화학공학소재연구정보센터
Chemical Engineering Journal, Vol.214, 237-246, 2013
New numerical algorithm for solving multidimensional heterogeneous model of the fixed bed reactor
Although there are many approaches to modeling of fixed-bed reactors none of the heterogeneous models is thoroughly solved in the space of all the four dimensions: the axial and radial directions of the reactor, catalyst particle radius and time. The full heterogeneous model of the fixed-bed reactor has been proposed and a new algorithm for numerical solution of the mathematical model developed in this paper. As a practical case study the proposed method is applied to simulate methanol synthesis fixed-bed reactor working under industrial conditions. The proposed algorithm of solving the set of differential equation for the momentum, mass and energy balances for the heterogeneous model proved to be very effective thanks to a universal coupling of macro- and micro-geometries represented by two finite element meshes system.

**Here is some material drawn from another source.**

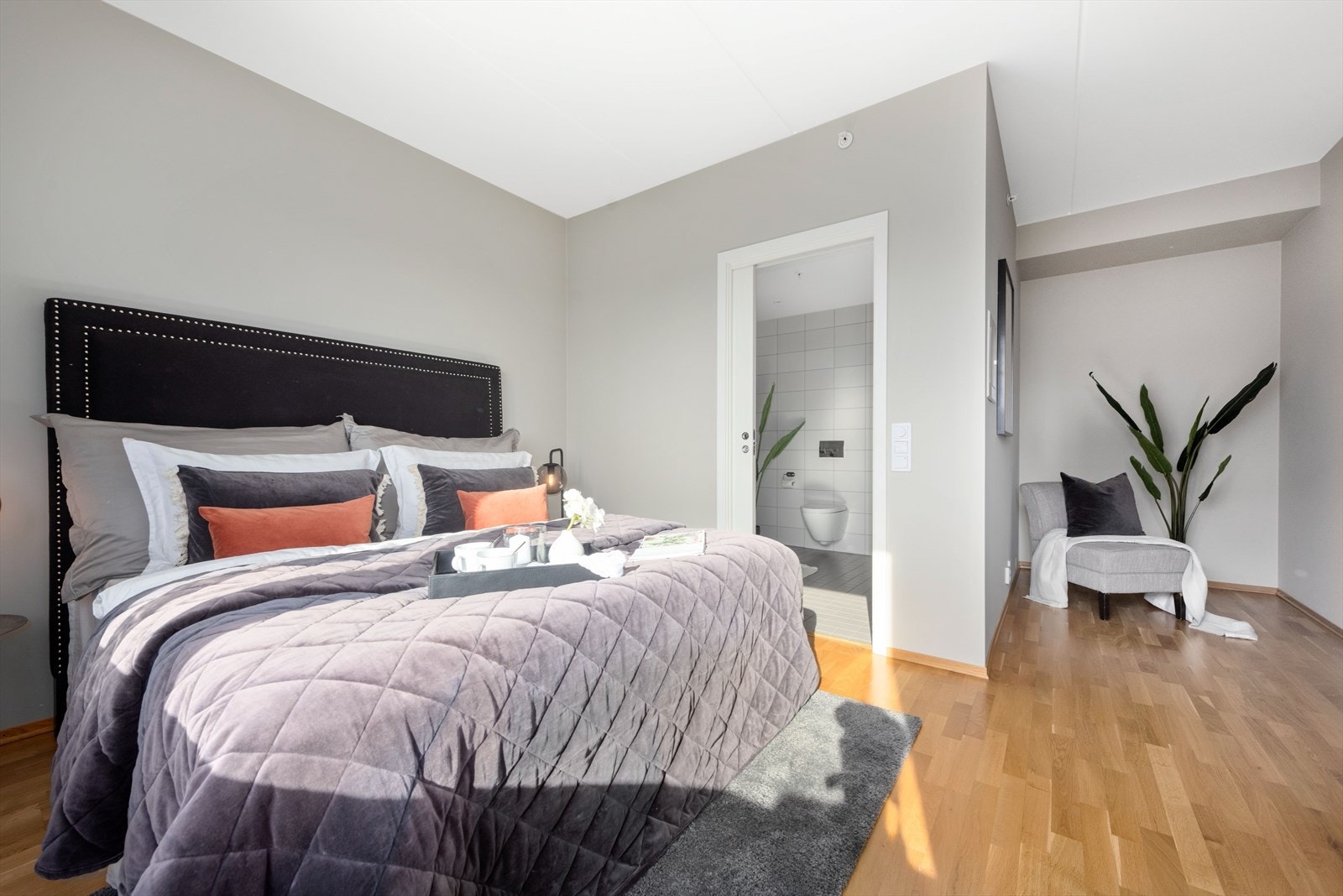 Eget bad i tilknytning til hovedsoverommet som gir suitefølelse. Galleribilde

The solution of the multidimensional model of methanol synthesis in a fixed bed reactor allows to follow concentration and temperature profiles not only along the catalyst height but also in radial direction as well as inside porous catalyst particle. The application of the numerical solution of the multidimensional heterogeneous model of methanol synthesis in the fixed bed revealed interesting phenomena inside the catalyst and in the reactor. An occurrence of the temperature maximum in a middle axial position due to change of both reversible reactions of methanol synthesis and water gas shift reaction from forward to backward direction was observed. The evolution in time of hot spots (temperature propagation) due to local decrease of catalyst diameter and bed porosity was demonstrated by using a transient simulation of the process. (C) 2012 Elsevier B.V. All rights reserved.